We have returned from a few days at Harbin Hot Springs, one of my family’s favorite spots for renewal and joy. We love soaking and swimming, taking in the natural forest (now young, green, and lush again in its recovery from the disastrous fire that destroyed the place a few years ago), and meeting delightful people. Every time I visit Harbin I come home with new insights, many of them gained from conversations with forward-thinking folks in the sacred waters. This time, I enjoyed seeing my son and other kids make friends and enjoy the pools, and appreciated a lot of examples of enlightened, mindful parenting around me.
One of the biggest changes at Harbin has been the elimination of Fern Kitchen, an enormous communal space where visitors could cook delectable plant-based meals and share them with the folks around them. The café and restaurant, in their former incarnation, are also gone, as is the little organic grocery store. Instead, Dancing Bear Café, operating from a few trailers near the blooming garden, offers wonderful plates, but is woefully short-staffed and wait times are, well, more conducive to the practice of contemplation when one is not the parent of a young child. This situation inspired us to try something a bit different: we opted for an enormous, vegetable- and protein-rich breakfast every morning, followed by eating just raw fruit and vegetables for the rest of the day. We were amazed by how well this felt – the afternoon slump was completely gone, we were full of energy and joy, and the breakfast did not feel heavy or cumbersome in the least.
I decided to continue the experiment at home, so this is my second day of eating a big savory breakfast, accompanied by a lovely oat matcha latte and a green juice. Today, inspired by a story my friend Serena told me about a breakfast she once made at a campsite, I opted for savory oats. Generally, I prefer savory to sweet foods, and this oatmeal is everything! It feels like a fiber-rich risotto with loads of vegetables. I ate it alongside our vegan chili from yesterday.
Please don’t let the longer cooking time of steel cut oats deter you – their texture is so much superior to that of rolled or flat oats! The secret is to boil them with water the night before, turn off the heat, and then wake up to a basically ready meal except for the toppings. The other advantage to this method is that, if your family members prefer sweet oats, you have everyone’s needs covered. Here’s what you need for 3-4 helpings for people with diverse preferences:
- 1/2 cup steel cut oats
- 2 cups water
- a splash of water or plant milk (I like Oatly)
- 3 cups spinach or kale
- 1 stalk leek
- 1 cup mushrooms
- Herby/garlicky seasoning (I’m fond of Stonehouse’s aglio olio, but you do you)
- A little bit of the vegan cheese of your choice (I have Forager’s cashew parmesan and it is phenomenal)
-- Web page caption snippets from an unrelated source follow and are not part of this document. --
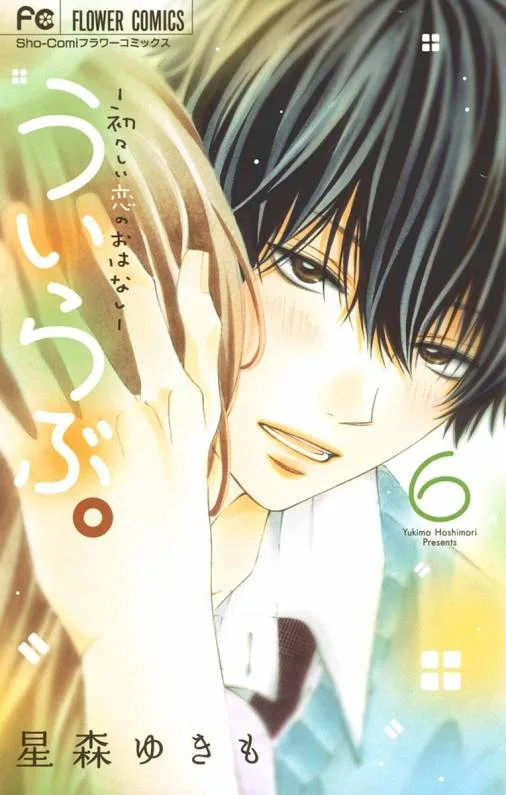 Volume 06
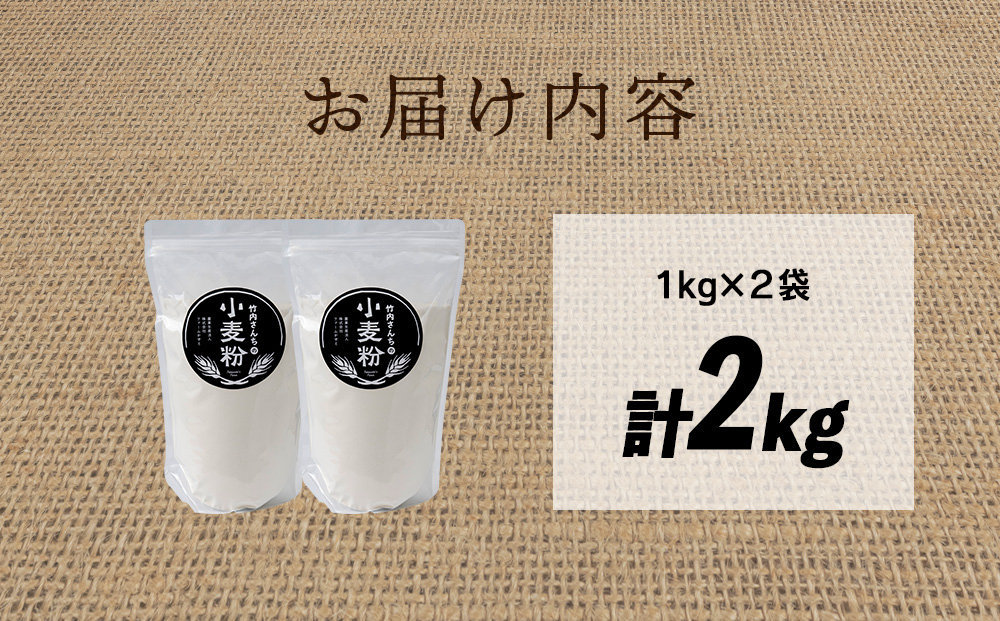 竹内さんちの小麦粉【北海道 春よ恋（１kg×２袋）便利な小分け袋でお届け】小麦粉 1kg 2㎏ 春よ恋 小分け お菓子　パン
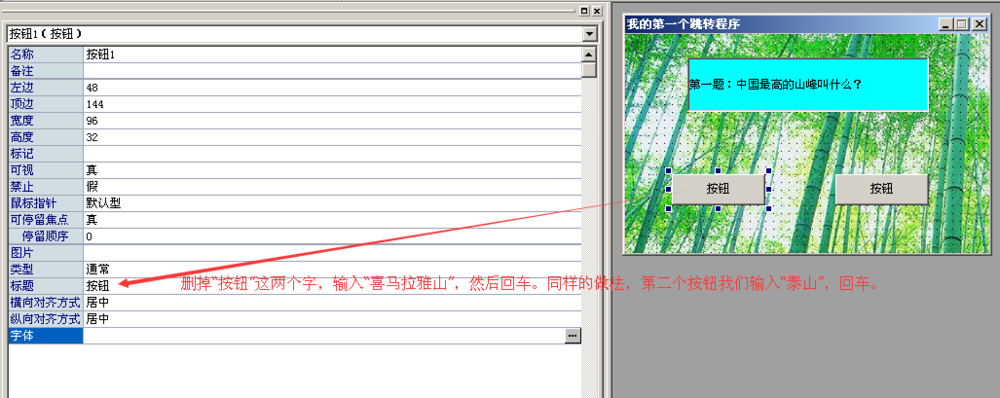 易语言窗口跳转程序的示例分析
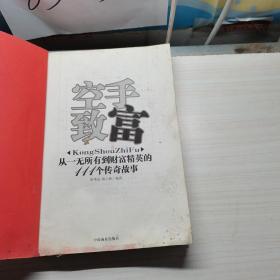 空手致富：从一无所有到财富精英的108个故事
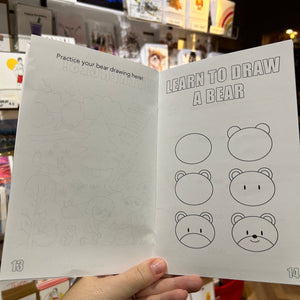 Wild Wonders Activity Book Series - Sweet Bean Art - Painted Door on Main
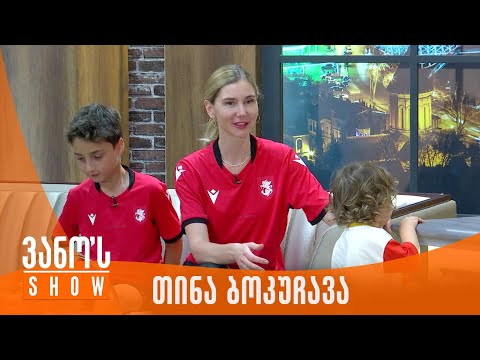 ვანოს შოუ | სტუმარი - თინა ბოკუჩავა შვილებთან ერთად
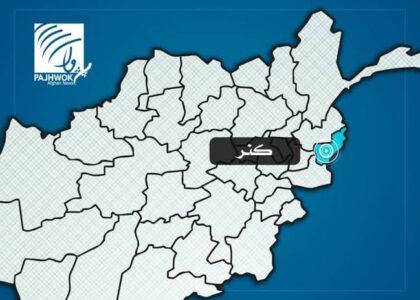 کونړ کې د لادرکه شوي ماشوم مړی وموندل شو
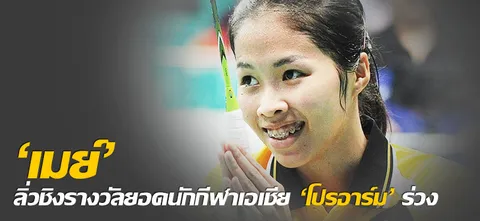 'เมย์' ลิ่วชิงรางวัลยอดนักกีฬาเอเชีย 'โปรอาร์ม' ร่วง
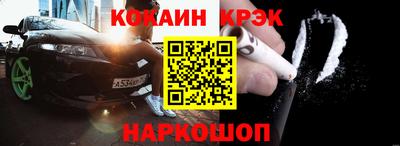 кокс Ангарск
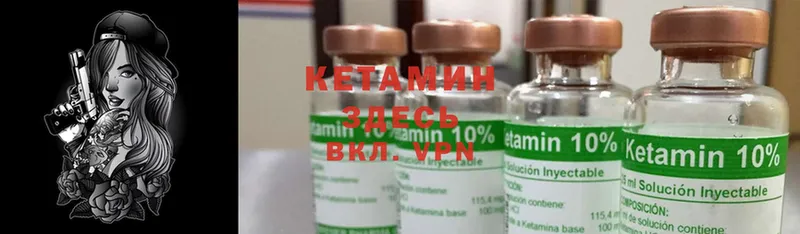 Кетамин ketamine  Бузулук 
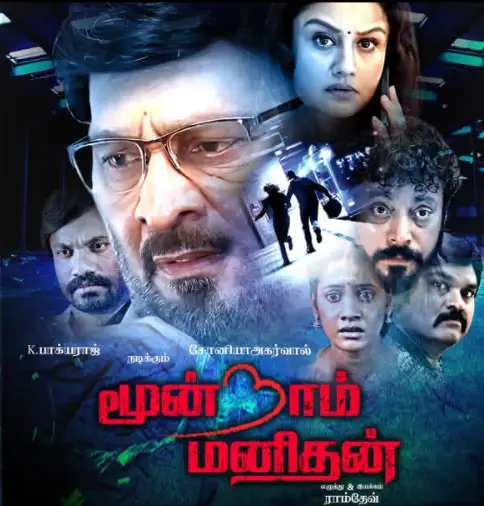 Moondram Manithan Movie Review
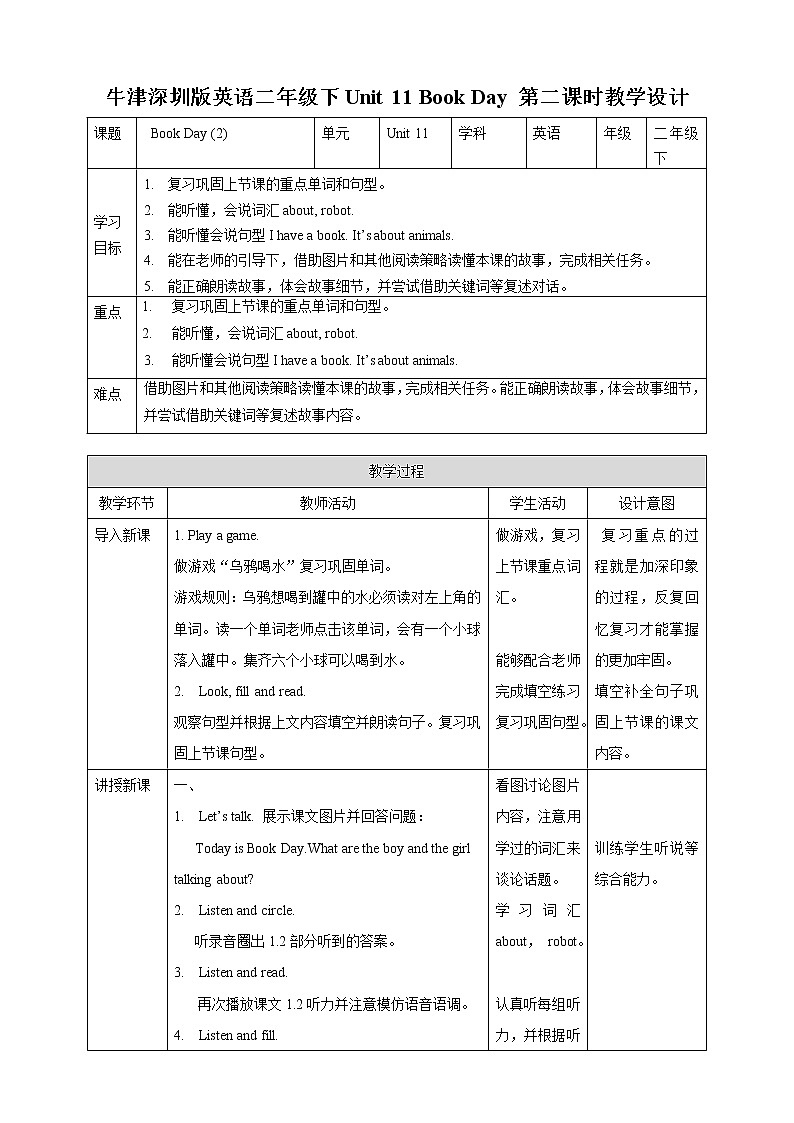 Unit 11 Book Day 第二课时 课件+教案+练习01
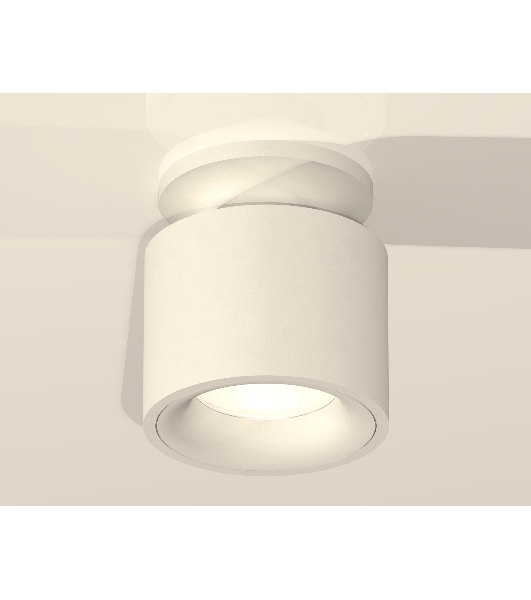 Светильник Ambrella Light XS7510041 SWH белый песок MR16 GU5.3 (N7925, C7510, N7010)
- a hefty spoonful of nutritional yeast
- A sprinkling of hemp seeds
- any fruit or nuts that your family members like on their sweet oatmeal
The night before you choose to have this breakfast, put the oats and water in a pot and bring to a boil. Turn off the heat and just leave until morning (you don’t have to refrigerate.)
The next morning, wake up to a pot full of cooked steel cut oats! Add a splash of water or plant milk and reheat. In a separate pan, sauté the spinach, leek, and mushrooms in a little bit of water. Add the seasoning, nutritional yeast, vegan cheese, and hemp seeds, and then add about 1/2-2/3 cup of the cooked oats. Mix and see the cheese melt beautifully into your oat risotto. The remainder of the oats can be served with fruit or nuts according to other people’s preferences, though I pretty much guarantee that they’ll want to try yours.
My excitement about this plan comes also from reading Will Bulsiewicz’s Fiber Fueled and listening to his interesting interview on the Rich Roll Podcast. We are now determined to play the two microbiome-enriching games he suggests: eating 30 different plants every week and at least one type of fermented food every day. The above breakfast provides at least five different plants (more if you improvise on the toppings!), loads of protein, and a fermented food (the cheese.) Now I’m ready to tackle my day!